DIRECTIONS FOR THIS TASK :: Repeat exactly the lines that begin at the one containing "Zinc Alloy Cuff" and end at the final line of the records; include no pictures and nothing else.

[Start of section]

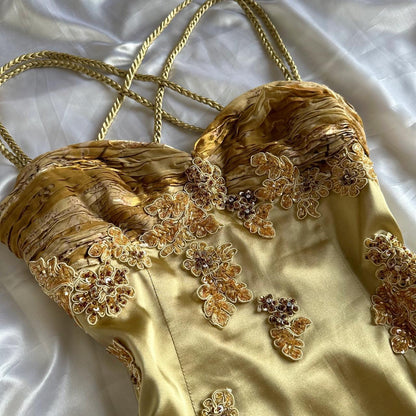 Gold Gorgeous Beautiful Charming Elegant Exquisite Floral Beaded Strapless Long Satin Chiffon Ball Gown Evening Dress Party Dress Prom Dress gh3824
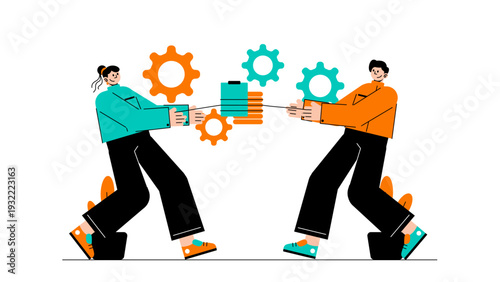Two business people pulling a document in a tug of war representing job competition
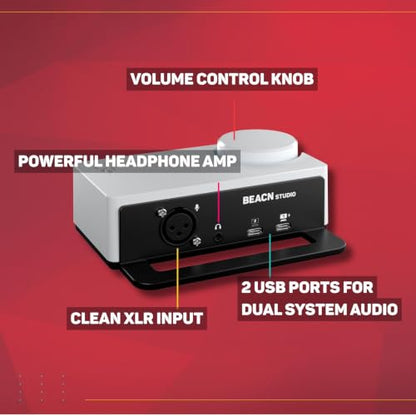 BEACN Studio – USB XLR Audio Interface for Creators, built in DSP mic chain, ultra-low-noise preamp, mutli-channel dual PC and console USB-C connections, for Streaming, Gaming, and Podcasting (Dark) - color: Dark
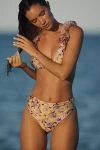 Patbo Peony Print Lycra High Waist Bikini Bottoms Yellow In Multi
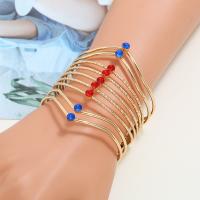 Zinc Alloy Cuff Bangle, plated, for woman & with rhinestone, golden 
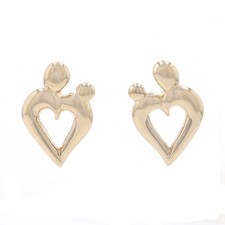 Yellow Gold Mother Child Heart Stud Earrings - 14k Family Love Pierced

[End of section]

THE COMPLETED TASK ::
 Zinc Alloy Cuff Bangle, plated, for woman & with rhinestone, golden 
 Yellow Gold Mother Child Heart Stud Earrings - 14k Family Love Pierced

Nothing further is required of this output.